Refactor and make changes in different commits

If you combine refactoring and making a change to your code into the same commit, you are going to have a bad time.

Just in case you’ve forgotten, refactoring is

the process of changing a computer program’s source code without modifying its external functional behavior

When I review a commit that claims to be refactoring, I shift into to a very specific mindset. I visualize myself as a world-class goalie, ready to stop any rogue features that come my way; I’m going to stand my ground, no matter what.

Contrast refactoring to adding new functionality. In that case, the author should be adding new objects that fulfill a responsibility, following the open/closed principle. When I review a commit that adds new functionality, I pay attention that the tests cover the new functionality, the minimum amount of code was added, and that the new code is sufficient.

These are very different things to review for.

Why’s it bad?

When you combine refactoring and feature addition into the same commit, you double the work required to review it. In addition to figuring out if each changed line is correct, you also have to figure out what “correct” even means!

Beyond the doubled work, you have to change your mindset for every line of code. That’s an amazing amount of context switching. It’s very hard to thoroughly review each line when it’s hard to even remember what you are reviewing for.

Combining these disparate actions into one commit isn’t something that we do maliciously. In fact, it’s likely the opposite: good programmers have an innate drive to make the code better all the time. Sometimes we see a little problem that we just have to fix up.

The problem is that when we have our programmer hats on, we don’t always think about what this commit will mean to others downstream. This could mean reviewers, approvers, testers, documenters, whatever needs to happen after the commit.

What do I do when my commit is too big?

There are a few main techniques I use when I discover I’ve done work that should be in different commits.

If I haven’t committed yet, and the changes are separate enough, I use git add -pu to add certain lines of code and not others.

If the changes overlap with each other, I will edit a specific section of the file until it looks like the intermediate change I really wanted. I git add the file and immediately revert my editor changes. I then repeat with the next section.

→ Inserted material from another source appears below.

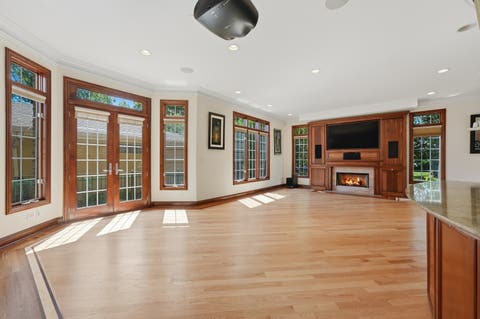 Tiny photo for 7001 Laramie Avenue, Skokie, IL 60077 (MLS # 12726425)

If I have already committed, then I go into an interactive rebase and edit the particular commits that are too big. I often create a throw-away branch so I can easily compare the original and modified branches to make sure they end up the same.

All of these techniques create “false history” – I didn’t really make that small step. After I’m finished, I run a little script that checks out each commit and runs my tests.

Sometimes, trying to preserve my changes isn’t worth the time, or I can see into the future a bit and know ahead of time that I am about to make a big set of changes. In these cases, I try a spike: I make the changes willy-nilly, writing down each step as I do it. Then I throw it away and invert the order of steps. This allows each step to happen in the order I would prefer, and I often improve on each step.

Isn’t too many small commits just as bad?

I’ve heard something like this before:

It’s so small, it doesn’t deserve it’s own commit

I’ve never had to review a commit that was too small. I have had to review a commit that was too large. I’m willing to take the risk of creating many small commits, especially if all the changes are going to be made one way or another.

If a commit is small, then I can open it, read the commit message, and review it within seconds.

What do I do as a reviewer?

I use a modified version of the single responsibility principle that applies to commits:

A commit should have one, and only one, change.

I try to follow steps like these:

Read the whole commit message. It should have no ands, ors, or buts. If it does, I kick it back to the author and request that the commit be split up into those pieces. Otherwise, I sear the commit message into my brain.
Read the diff of the commit and evaluate each change against the commit message. If a line doesn’t fit with the message, mark the change as unrelated. If it does, review the line as usual.
Sometimes I keep reading the diff once you I find an unrelated line, other times I stop at the first one; the original author may be faster at separating the concerns.
Make sure to thank the author when they provide a commit with a single focus – positive reinforcement lets us know that we are on the right track!